# Help needed with Beaufighter 1:32 canopy



## ochronosis (Dec 29, 2005)

Hi,

I have an old Revell 1:32 Bristol Beaufighter MK IC, (KIT# 4660), that I planned to build over the next couple of months, but the canopy is missing. I have contacted Revell Europe and they no longer stock the parts for this kit, so was wondering if anyone has any ideas on how to scratch build canopies in this size? Any ideas and help would be gratefully appreciated.

Simon


----------



## djnick66 (May 2, 2008)

Yeah that kit dates back to the early 70s and has been sold off and on over the years by Revell and Revell Germany. 
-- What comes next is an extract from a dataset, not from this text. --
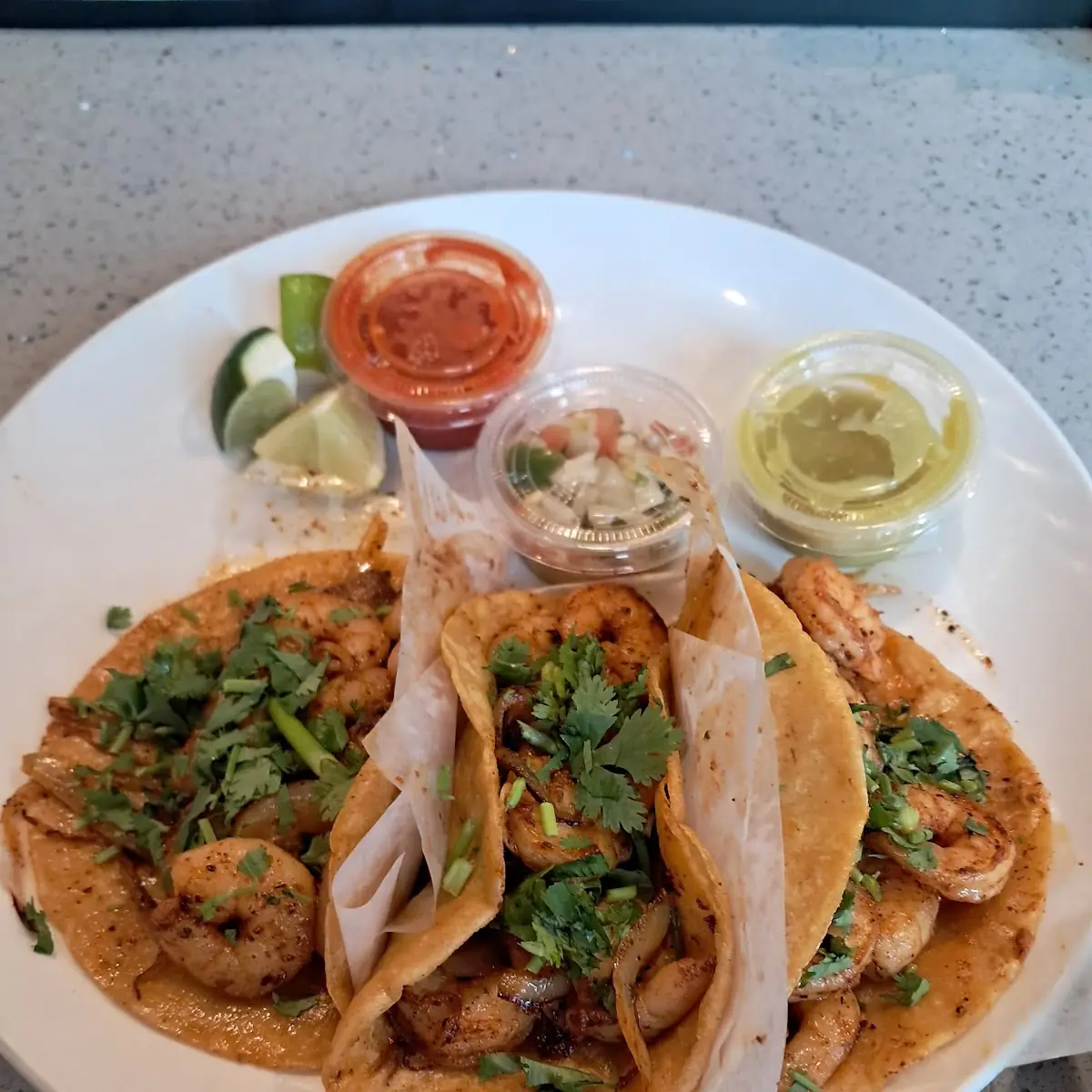 Shrimp Tacos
If you really wanted to scratch build one, you would carve a wooden plug and vacuuform a new one. Lots of work...

There may be a vac replacement available as an aftermarket piece. Or, find someone that has a kit and who can copy the canopy for you. You may want to ask on a forum like Hyperscale that has more aircraft modeler activity.


----------



## ochronosis (Dec 29, 2005)

djnick66 said:


> Yeah that kit dates back to the early 70s and has been sold off and on over the years by Revell and Revell Germany.
> 
> If you really wanted to scratch build one, you would carve a wooden plug and vacuuform a new one. Lots of work...
> 
> There may be a vac replacement available as an aftermarket piece. Or, find someone that has a kit and who can copy the canopy for you. You may want to ask on a forum like Hyperscale that has more aircraft modeler activity.


Hi djnick66,
Thanks for your help and advice. I just did a quick search on google and found a video that shows you how to make one, using the method you mentioned in your reply. I will give it ago.

Many thanks
Simon :thumbsup:


----------